■ **WHAT THE TASK REQUIRES**:
Nothing in the records should change; write them all out again.

##### DATA TO USE

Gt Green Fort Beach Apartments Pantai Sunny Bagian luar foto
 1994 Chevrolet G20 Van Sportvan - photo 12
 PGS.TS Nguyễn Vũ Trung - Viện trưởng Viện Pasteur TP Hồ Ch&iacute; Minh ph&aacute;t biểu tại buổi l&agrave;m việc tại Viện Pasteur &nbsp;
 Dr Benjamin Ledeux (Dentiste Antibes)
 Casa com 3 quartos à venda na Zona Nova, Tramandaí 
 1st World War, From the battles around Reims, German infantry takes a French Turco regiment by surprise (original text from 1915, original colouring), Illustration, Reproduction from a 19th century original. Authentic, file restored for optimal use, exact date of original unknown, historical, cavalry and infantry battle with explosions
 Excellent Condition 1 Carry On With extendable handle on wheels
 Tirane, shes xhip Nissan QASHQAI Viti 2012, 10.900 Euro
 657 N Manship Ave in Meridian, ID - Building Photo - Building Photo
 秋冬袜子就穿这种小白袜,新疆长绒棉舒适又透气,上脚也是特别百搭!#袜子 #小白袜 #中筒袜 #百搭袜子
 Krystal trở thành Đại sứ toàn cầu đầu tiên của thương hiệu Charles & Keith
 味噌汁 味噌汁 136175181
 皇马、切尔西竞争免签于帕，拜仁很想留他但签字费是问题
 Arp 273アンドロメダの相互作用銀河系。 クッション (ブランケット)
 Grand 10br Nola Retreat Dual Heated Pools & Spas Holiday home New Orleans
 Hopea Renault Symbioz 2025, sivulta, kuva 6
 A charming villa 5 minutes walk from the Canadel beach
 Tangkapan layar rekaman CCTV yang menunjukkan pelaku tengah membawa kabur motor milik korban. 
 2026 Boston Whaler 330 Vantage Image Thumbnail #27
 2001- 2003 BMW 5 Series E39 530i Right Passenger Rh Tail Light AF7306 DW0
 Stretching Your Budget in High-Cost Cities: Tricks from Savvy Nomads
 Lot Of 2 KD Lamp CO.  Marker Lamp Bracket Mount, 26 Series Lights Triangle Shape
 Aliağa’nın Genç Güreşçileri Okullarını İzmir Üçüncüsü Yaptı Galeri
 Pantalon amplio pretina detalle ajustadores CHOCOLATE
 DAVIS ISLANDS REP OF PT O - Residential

##########

■ **TASK RESPONSE**:
Gt Green Fort Beach Apartments Pantai Sunny Bagian luar foto
 1994 Chevrolet G20 Van Sportvan - photo 12
 PGS.TS Nguyễn Vũ Trung - Viện trưởng Viện Pasteur TP Hồ Ch&iacute; Minh ph&aacute;t biểu tại buổi l&agrave;m việc tại Viện Pasteur &nbsp;
 Dr Benjamin Ledeux (Dentiste Antibes)
 Casa com 3 quartos à venda na Zona Nova, Tramandaí 
 1st World War, From the battles around Reims, German infantry takes a French Turco regiment by surprise (original text from 1915, original colouring), Illustration, Reproduction from a 19th century original. Authentic, file restored for optimal use, exact date of original unknown, historical, cavalry and infantry battle with explosions
 Excellent Condition 1 Carry On With extendable handle on wheels
 Tirane, shes xhip Nissan QASHQAI Viti 2012, 10.900 Euro
 657 N Manship Ave in Meridian, ID - Building Photo - Building Photo
 秋冬袜子就穿这种小白袜,新疆长绒棉舒适又透气,上脚也是特别百搭!#袜子 #小白袜 #中筒袜 #百搭袜子
 Krystal trở thành Đại sứ toàn cầu đầu tiên của thương hiệu Charles & Keith
 味噌汁 味噌汁 136175181
 皇马、切尔西竞争免签于帕，拜仁很想留他但签字费是问题
 Arp 273アンドロメダの相互作用銀河系。 クッション (ブランケット)
 Grand 10br Nola Retreat Dual Heated Pools & Spas Holiday home New Orleans
 Hopea Renault Symbioz 2025, sivulta, kuva 6
 A charming villa 5 minutes walk from the Canadel beach
 Tangkapan layar rekaman CCTV yang menunjukkan pelaku tengah membawa kabur motor milik korban. 
 2026 Boston Whaler 330 Vantage Image Thumbnail #27
 2001- 2003 BMW 5 Series E39 530i Right Passenger Rh Tail Light AF7306 DW0
 Stretching Your Budget in High-Cost Cities: Tricks from Savvy Nomads
 Lot Of 2 KD Lamp CO.  Marker Lamp Bracket Mount, 26 Series Lights Triangle Shape
 Aliağa’nın Genç Güreşçileri Okullarını İzmir Üçüncüsü Yaptı Galeri
 Pantalon amplio pretina detalle ajustadores CHOCOLATE
 DAVIS ISLANDS REP OF PT O - Residential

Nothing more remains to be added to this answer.